4. LIMITED LIABILITY:

Except as provided in Fare Guarantee Policy as attached hereto as Schedule C, IGT makes no representation or warranty regarding the Galileo System or its performance or the accuracy or reliability of Software and/or information provided to ibibo and the same are made available to ibibo on an ‘as is’ basis, and ibibo hereby releases and waives any claims against IGT concerning the Software and/or information or the accuracy or reliability thereof.

 

a. In no event will IGT or ibibo be liable for any indirect, incidental, special, punitive, exemplary or consequential damages resulting from, (i) loss of data or use, loss of revenue, loss of profits, loss of contracts, loss of anticipated savings, loss of goodwill or third party claims; or (ii) any losses or damages that are indirect or secondary consequences of any act or omission of the Parties, or their employees, representatives or sub-contractors, whether such losses or damages were reasonably foreseeable or actually foreseen. Notwithstanding anything to the contrary herein set out, in no event shall ibibo’s liability exceed the total incentive received by ibibo in the last two quarters preceding the quarter in which a cause of action arises.
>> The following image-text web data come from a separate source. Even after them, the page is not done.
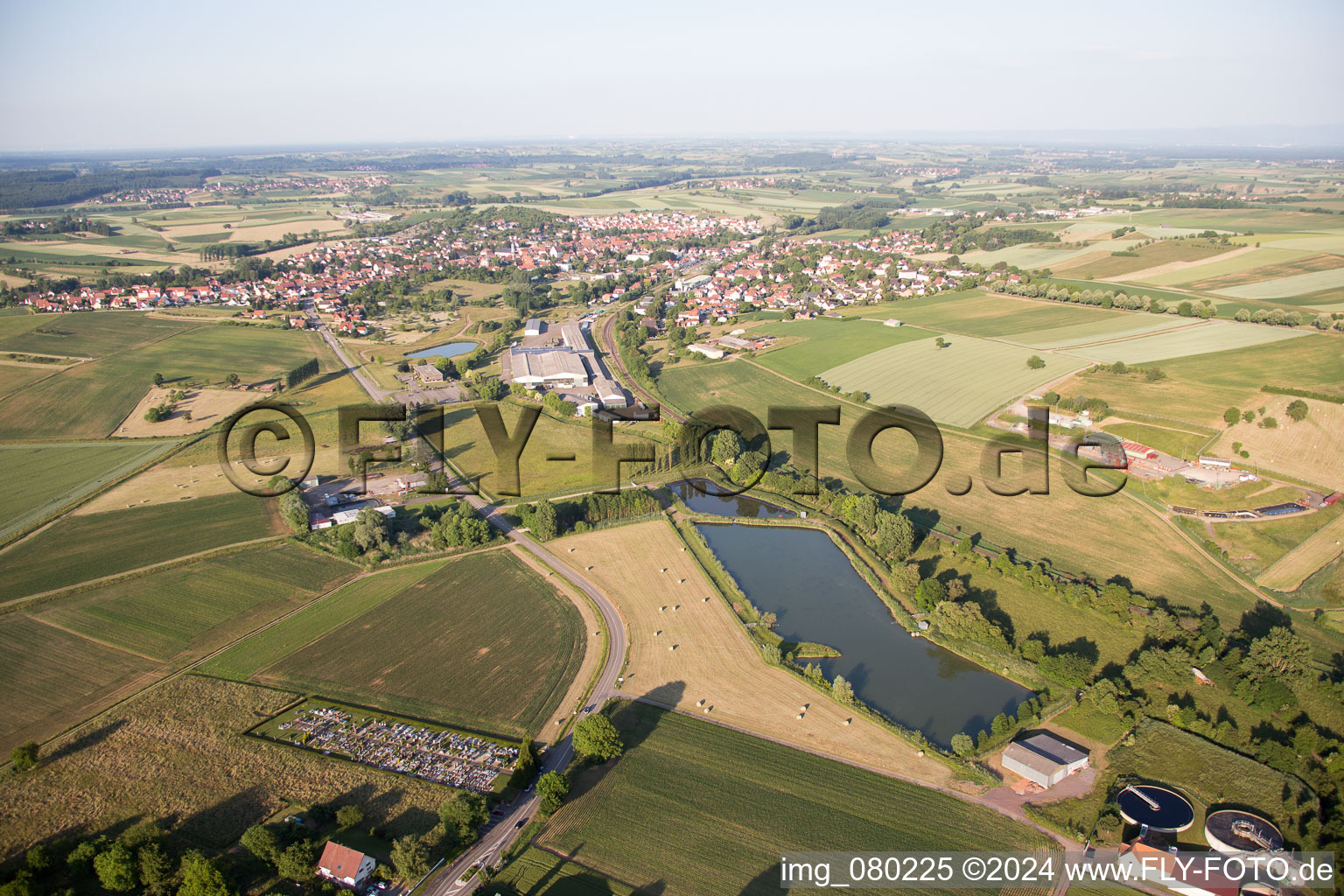 Soultz-sous-Forêts in the state Bas-Rhin, France seen from a drone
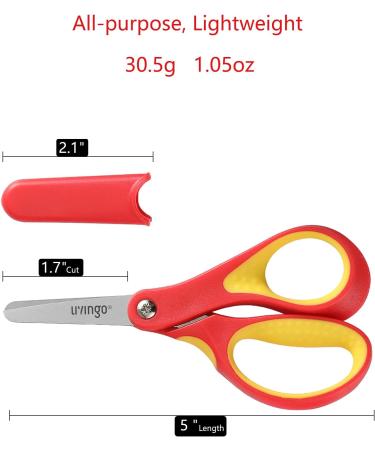 LIVINGO 5" Small School Student Blunt Kids Craft Scissors  Sharp Stainless Steel Blades Safety Comfort Grip for Children Cutting Paper  Assorted Color  3 Pack Pink/Red/Blue - Buy Online on GoSupps.com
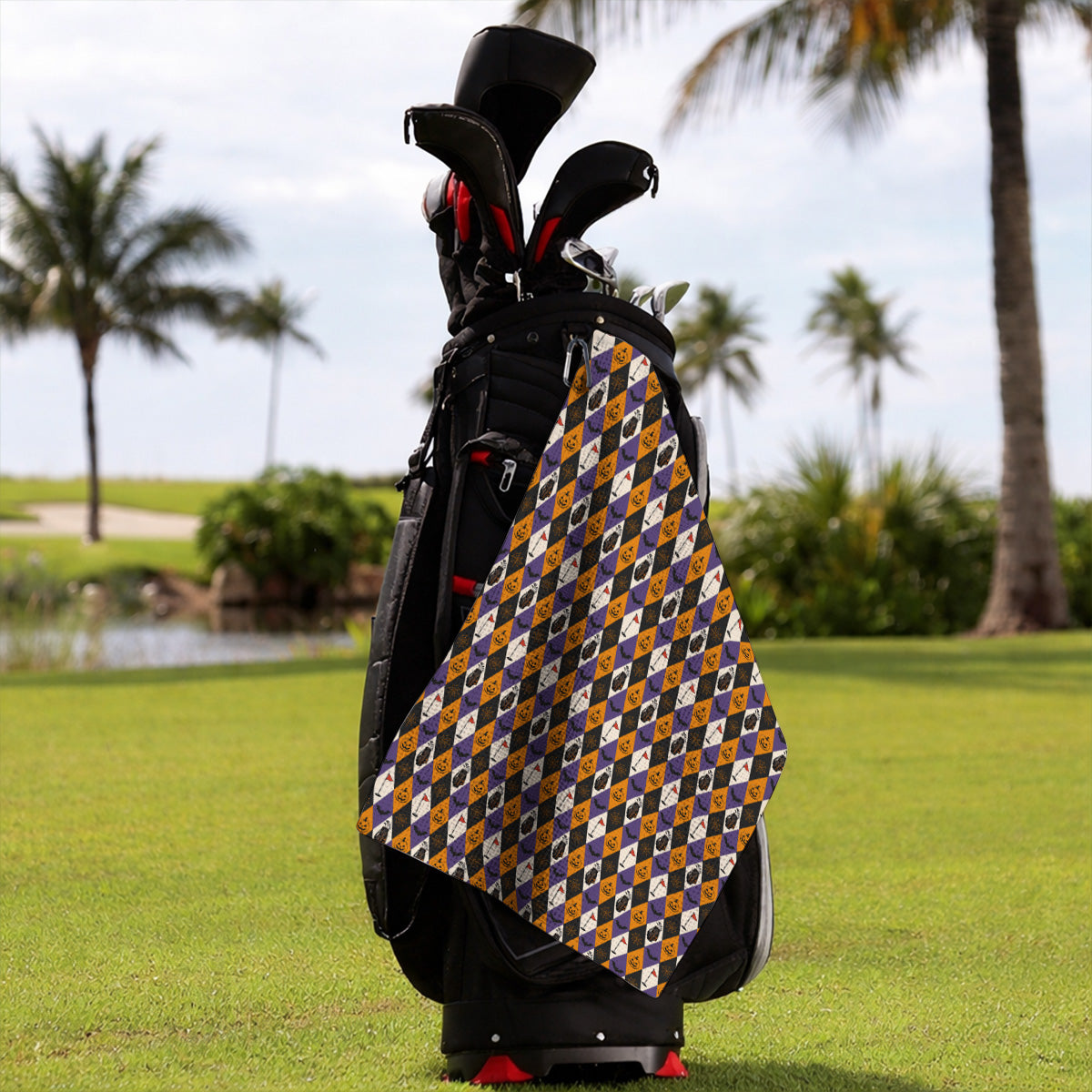 Halloween Pattern Golf Towels, Vintage Halloween Golf Towel For Golfer, Pumpkin Golf Gift for Golf Lovers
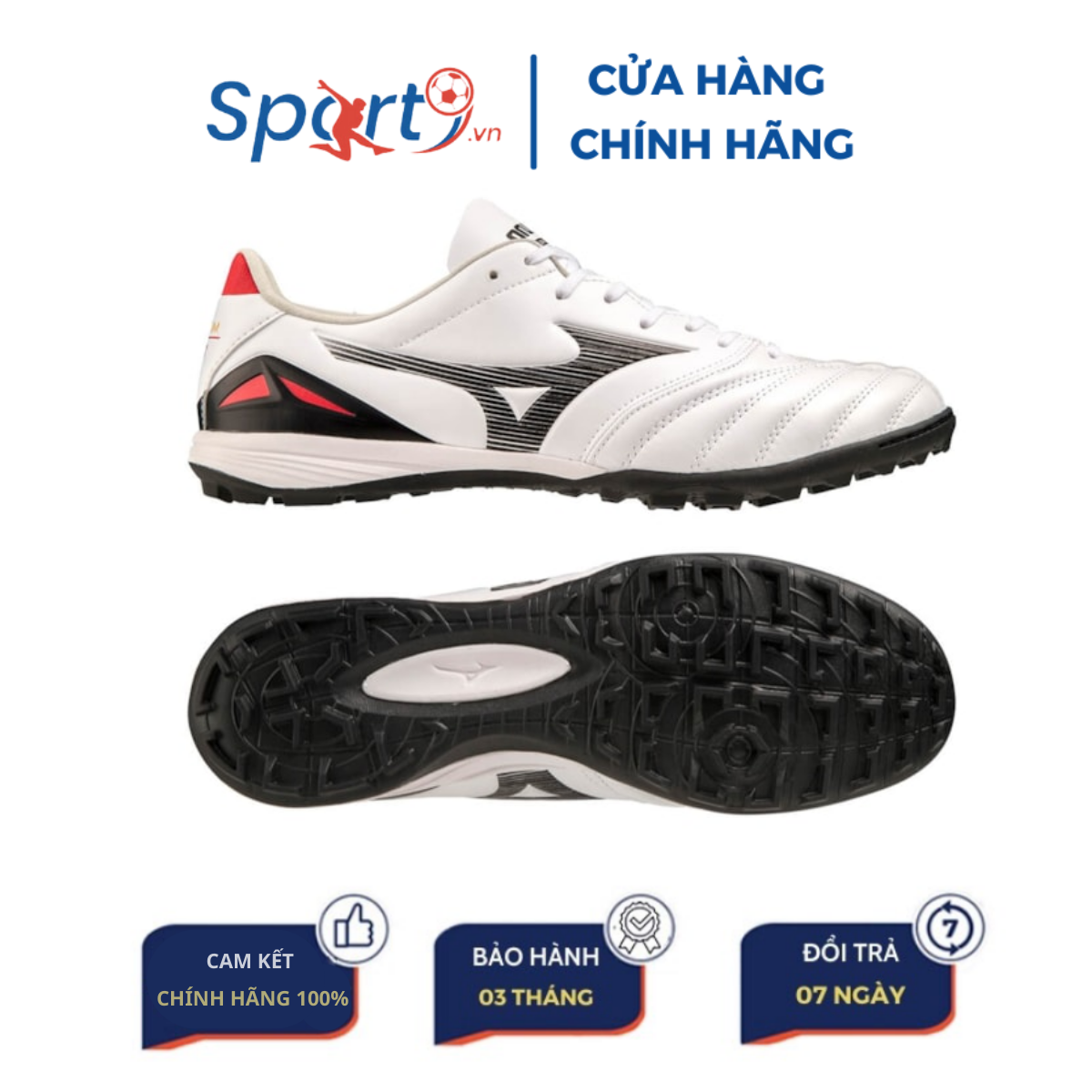 Giày đá bóng Mizuno Morelia Neo 4 Pro AS - Trắng/Đen/Đỏ - P1GD233409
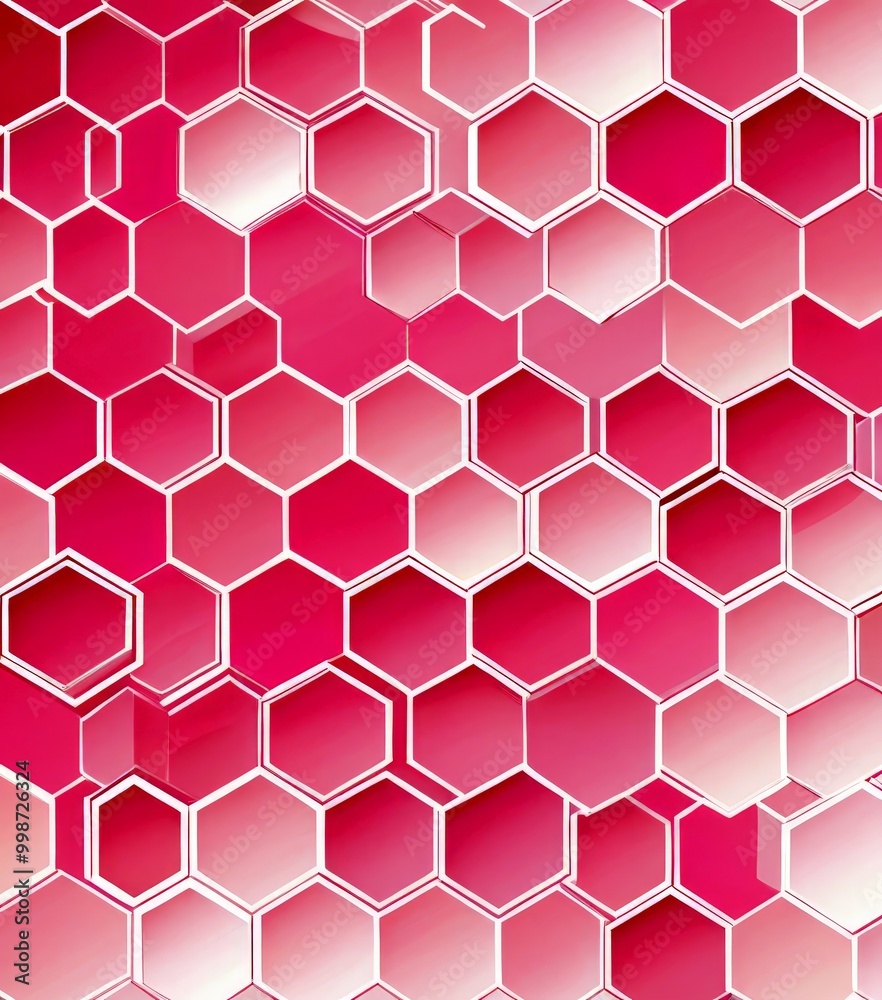 Aufkleber a repeating pattern of pink and white hexagonal shapes, creating a visually striking and geometric design.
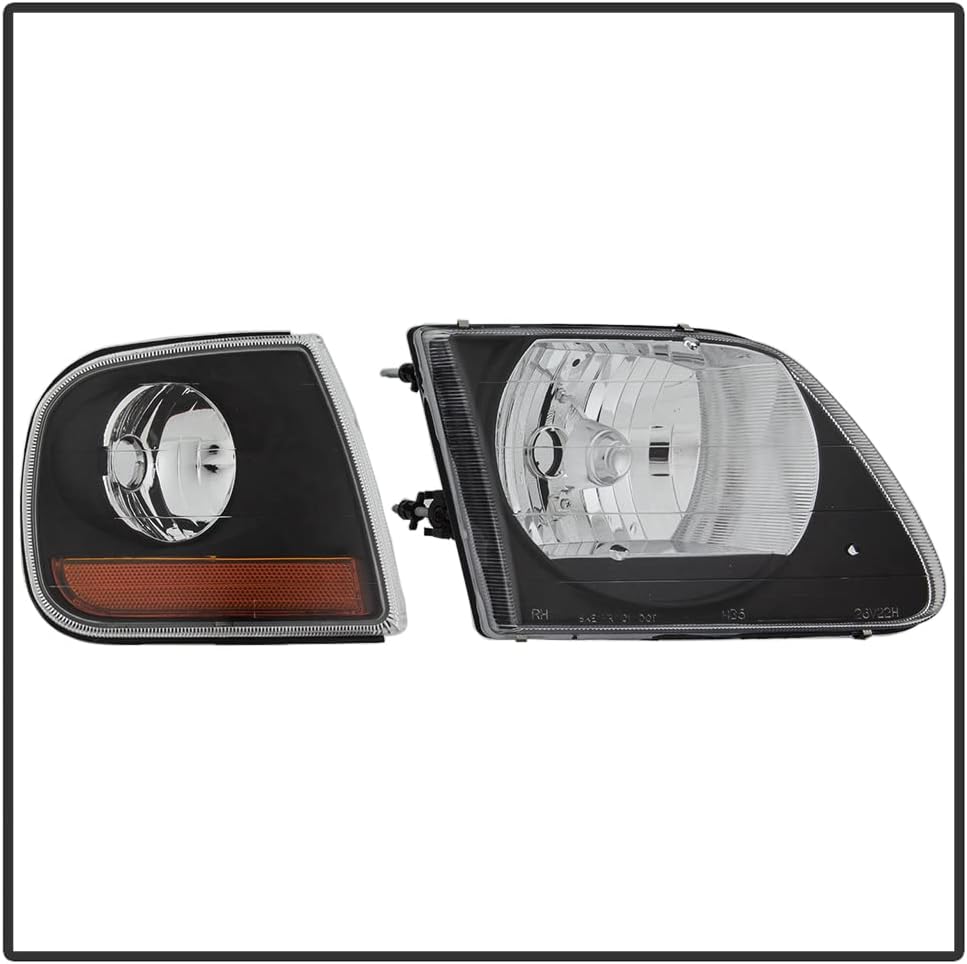 ACANII - For Black 1997-2003 Ford F150 Expedition Lightning Style Headlights Headlamps w/Corner Signal Lights 4pcs Set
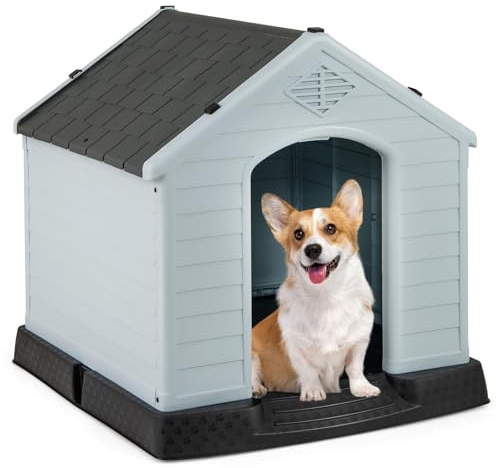 FANTASK Outdoor Hundehütte aus Kunststoff, Hundehöhle mit Erhöhtem Boden & Wasserfestem Dach, wasserdicht Hundehaus für Garten Drinnen Draußen (70x65x71,5cm-Grau)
The Parties agree that IGT shall indemnify, defend and hold ibibo harmless from and against all losses, costs, claims, charges, expenses, damages or liabilities (including legal fees and other dispute resolution costs) that ibibo may suffer or incur as a result of claim by any third party due to any unauthorised disclosure of ibibo’s customers’ data for reasons attributable directly to IGT. In no event, shall IGT’s liability to indemnify for such losses, costs, claims, charges, expenses, damages or liabilities (including legal fees and other dispute resolution costs) exceed XXXX.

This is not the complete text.